Contre le Beau platonicien, l'esthétique cynique, donc. Car le beau n'est qu'une "convention, une monnaie, qui n'a cours qu'en temps et lieu" (Ibsen, 1867, p. 148). Convention portée - voire imposée - par les maîtres à penser, sinon les maîtres politiques, de l'époque au gré de leurs intérêts et avec l'efficacité de leur notoriété. Le Beau platonicien, imposé par la stature du philosophe ne peut se déployer que grâce à "l'existence d'un clergé des beaux-arts, d'une police, de conciles, d'excommunications, de lignes d'orthodoxie, évidemment d'hérésies; puis on croise des êtres affairés dans un Vatican dévolu au Beau en soi" (Onfray, 2003, p. 19).
Diogène et les cyniques nous offrent la possibilité, selon Onfray, de fonder une esthétique hors de ces dictats du goût et du beau en le fondant dans l'authenticité du réel - et j'ajouterais dans la vérité des relations que nous entretenons à l'œuvre d'art. Si nous acceptons ce postulat, où se trouve l'universel dans cette esthétique de l'immanence, de la vérité issue de la nature authentique des choses et des relations?
Onfray propose le retour à la notion du sublime, maintenant encore plus obsolète que celle du beau. Percevoir le sublime: "C'est l'œuvre d'art qui nous cloue d'étonnement et d'admiration par son efficacité esthétique, brutale, immédiate, sidérante." (ibid., p.110-11). Depuis Heidegger et Adorno, on n'ose encore moins faire référence au sublime qu'à la beauté. Des notions universalistes et transcendantes qui entreraient en contradiction avec le respectueux relativisme de nos temps (post-)post-modernes.
Pourtant, le recours au sublime pour exprimer l'expérience esthétique permet, à mon avis, de réconcilier le relativisme du jugement de goût et l'appréciation universelle de l'œuvre d'art. Il ne s'agirait plus, ainsi, de se quereller encore et toujours sur ce qui est beau (et même sur ce qu'est l'art) - sidérant débat dont on n'arrive pas à se débarrasser - mais d'admettre qu'existe un sentiment du sublime à la contemplation des œuvres, sentiment incommunicable et immédiat, plongé dans la vérité de l'être comme le décrivait Heidegger (1931-1932).
Après cinq ou six décennies d'efforts inouïs de promotion de l'accès aux arts, de multiples projets de médiation et d'éducation, bref de démocratisation, force est de constater que le grand public s'intéresse très peu à l'art contemporain. Si nous devons encore aussi souvent justifier ce qu'est l'art dans telle et telle exposition, si les experts et animateurs en tous genres du milieu doivent inlassablement répéter les mêmes ritournelles, c'est peut-être parce que, inconsciemment et malgré nous, nous sommes encore accrochés à des références esthétiques (et donc sociologiques) d'une époque révolue.

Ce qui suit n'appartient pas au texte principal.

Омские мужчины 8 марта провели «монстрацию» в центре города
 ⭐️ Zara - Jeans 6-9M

Revendiquer et promouvoir une vision de l'expérience esthétique participant du sublime auprès du grand public afin de lui redonner accès à sa propre vérité, de lui redonner le droit de juger l'œuvre d'art en sa manière de la recevoir dans sa participation vivante au spectacle de l'art. Lui permettre, aussi, de s'affranchir des transcendances imposées par les porteurs de vérités et retomber, enfin, dans le réel: "L'immanence suppose moins la réactivation du passé, l'entretien du patrimoine sous des allures faussement rebelles, la citation perpétuelle des grands anciens qu'un talent pour habiter le présent ou l'habileté à s'émanciper réellement des ombres et génies tutélaires" (Onfray, 2003, p.71).

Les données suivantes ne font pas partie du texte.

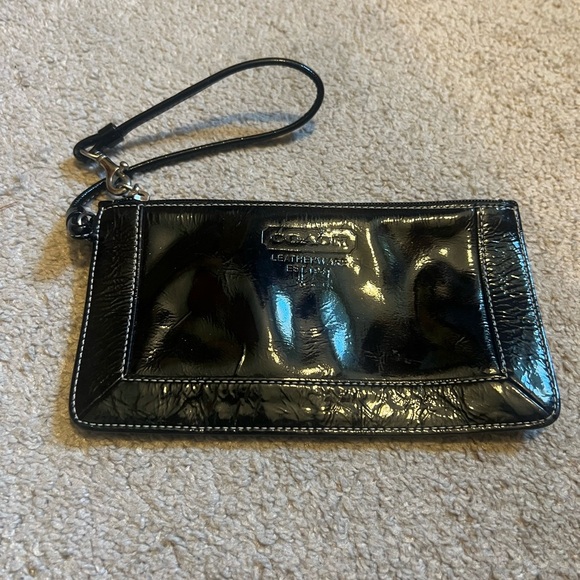 Coach Vintage Black Women’s Leather Wallet Zipper Wristlet - Picture 1 of 6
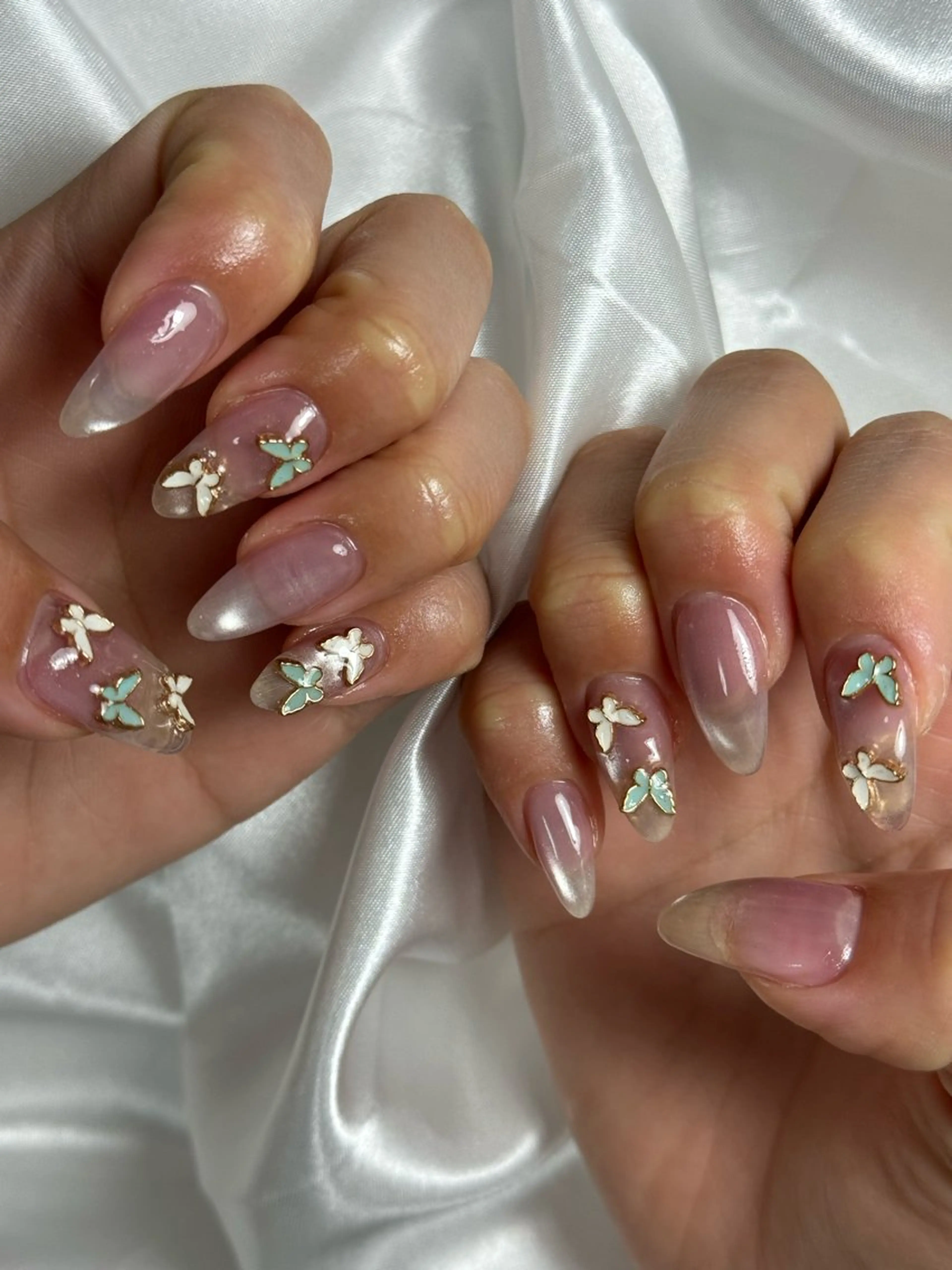ネイル ジェルネイル 氷ネイル・うるうるネイル マグネットネイル 持ち込み パラジェル ハンドネイル flowers nailのネイルデザイン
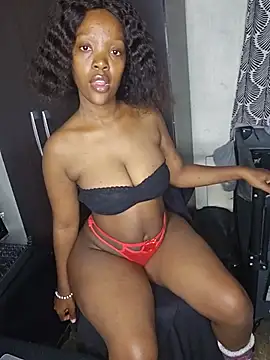 Snapshot of curvysexybody chatting on May 28, 2026, 11:13 pm curvysexybody online show from May 28, 2026, 11:13 pm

Peut-être sur ce chemin y rencontrerons-nous Diogène, à la recherche de l'art véritable?
Références
- Heidegger, Martin (1931-32), "L'origine de l'œuvre d'art," in: Chemins qui ne mènent nulle part, Paris: Gallimard, 1962, pp. 13-97.
- Ibsen, Henrik (1867), Peer Gynt, poème dramatique en 5 actes, Paris: Perrin & Cie, 1899.
- Onfray, Michel (2003), Archéologie du présent: manifeste pour une esthétique cynique, Paris: Grasset.